Tuesday, April 20, 2004
Tuesday, April 20, 2004
Karen Burke (San Diego) has posted Exculpatory Liabilities and Nonrecourse Partnership Allocations on SSRN. Here is the abstract:
The rise of limited liability companies (LLCs) classified as partnerships for federal income tax purposes challenges traditional assumptions concerning the treatment of recourse and nonrecourse liabilities under Subchapter K. The complex rules of sections 704(b) and 752 give little attention to liabilities that are recourse to the entity under section 1001 but for which no member bears the economic risk of loss under section 752. In comparison to traditional general or limited partnerships, however, LLCs are much more likely to incur such "exculpatory" liabilities because of the limited liability shield under state law. Under the existing regulations for section 704(b) and 752 (the "section 704(b)/752 regulations"), the classification of liabilities as either recourse or nonrecourse is essential for purposes of allocating basis and deductions attributable to such liabilities. Although exculpatory liabilities are functionally quite similar to traditional nonrecourse liabilities secured by all of an LLC's assets, literal application of the section 704(b)/752 regulations with respect to such liabilities is fraught with difficulties.

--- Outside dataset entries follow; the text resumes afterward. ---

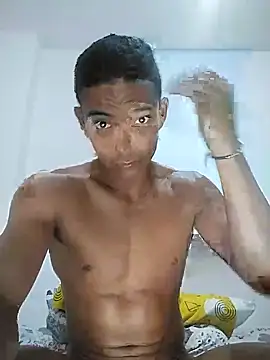 Demiansteven2 online show from February 23, 2025, 11:14 pm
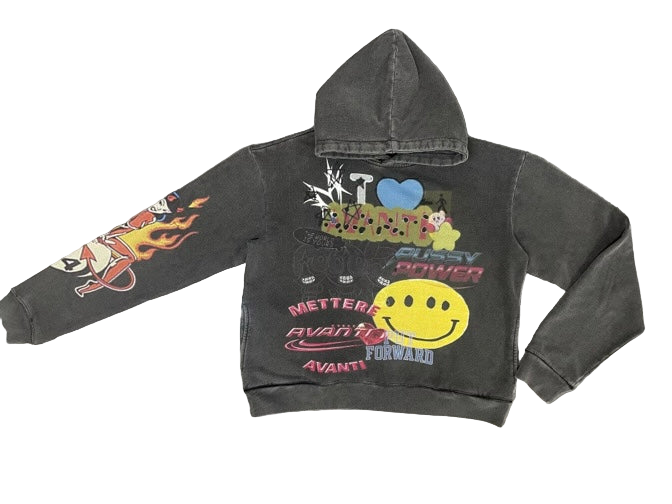 Junk Hoodie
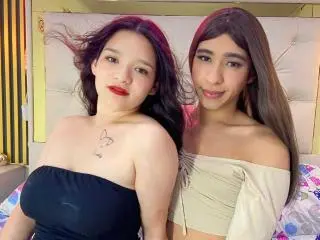HotLatinasX  live sex cam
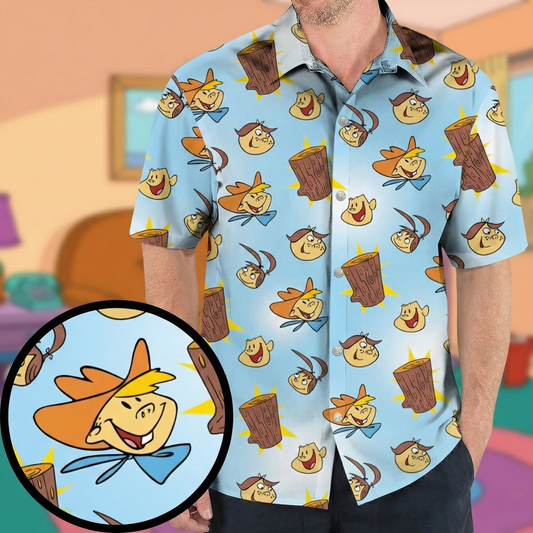 Hawaiian Shirt - 7G42NKFF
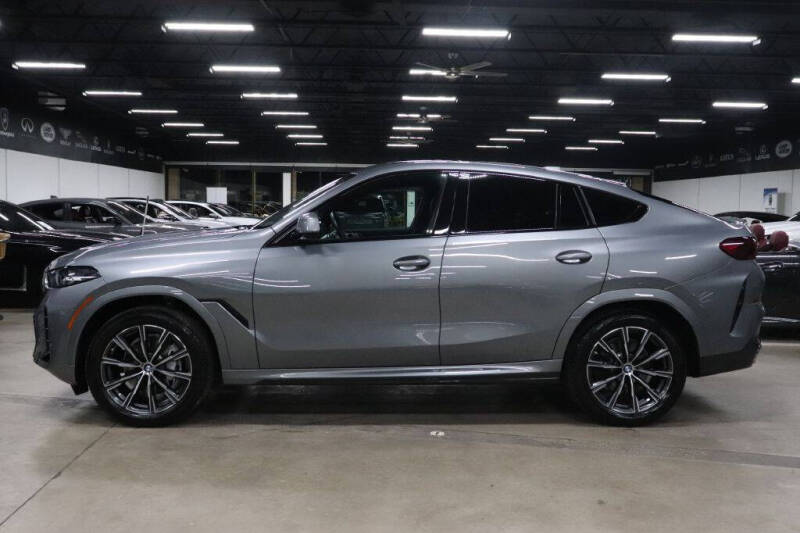 2024 BMW X6 xDrive40i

Under these regulations, the allocation of tax items attributable to nonrecourse liabilities is extraordinarily permissive: since no partner bears the economic risk of loss attributable to such liabilities, the corresponding deductions may be allocated in virtually any manner the parties desire. Upon disposition of the underlying property, however, the partners who received such deductions must be allocated offsetting gain and income to restore any capital account deficits, thereby vindicating the earlier loss allocations. The underlying premise of the nonrecourse allocation rules is that it is possible to identify the partnership's nonrecourse liabilities and track the deductions generated by such liabilities for purposes of allocating the corresponding basis and losses. Because of their hybrid nature as recourse liabilities for purposes of section 1001 and nonrecourse liabilities for purposes of section 752, exculpatory liabilities challenge the basic premises of this somewhat oversimplified description of the nonrecourse allocation rules. Indeed, as two recent articles demonstrate, the uncertainty and lack of consensus concerning the treatment of exculpatory liabilities within the framework of the section 704(b)/752 regulations is quite remarkable.
This article seeks to disentangle the treatment of exculpatory liabilities under the nonrecourse allocation rules and suggests several needed reforms. Part II concludes that an exculpatory liability should be treated similarly to a traditional nonrecourse liability for purposes of determining economic risk of loss upon a constructive liquidation. Part III argues that the mechanical provisions of the nonrecourse allocation rules can be properly applied to exculpatory liabilities once it is clearly understood that the nonrecourse standard of sections 704(b) and 752 diverges fundamentally from the nonrecourse standard of section 1001. Part IV discusses related problems that arise because exculpatory liabilities are secured not by particular assets but rather by all of an LLC's assets. Finally, Part V suggests that the section 704(b) regulations should be amended to harmonize the treatment of guaranteed recourse liabilities of an LLC (or recourse loans from an LLC member) and functionally similar guaranteed nonrecourse liabilities of an LLC (or nonrecourse loans from an LLC member).
While clarifying these issues is necessary to provide certainty in the tax treatment of exculpatory liabilities, this article also suggests the need to rethink the nonrecourse definition under sections 704(b), 752, and 1001. Upon a disposition of property encumbered by liabilities in excess of fair market value, the section 1001 regulations draw a distinction between recourse and nonrecourse liabilities; the latter generate section 1001 gain through relief from the underlying liability, while the former generate a combination of section 1001 gain (or loss) and ordinary income from discharge of indebtedness.10 Although the conceptual model underlying the section 704(b)/752 regulations is derived from section 1001 and Tufts v. Commissioner, the drafters failed to clearly articulate and rationalize the manner in which the nonrecourse allocation rules deviate from the section 1001 standard. Consequently, uncertainty persists concerning the precise boundaries between the nonrecourse definitions of sections 704(b), 752, and 1001. Ultimately, such uncertainty can be dispelled only if the section 704(b)/752 regulations construct a theory of nonrecourse allocations that is explicitly independent of the section 1001 standard.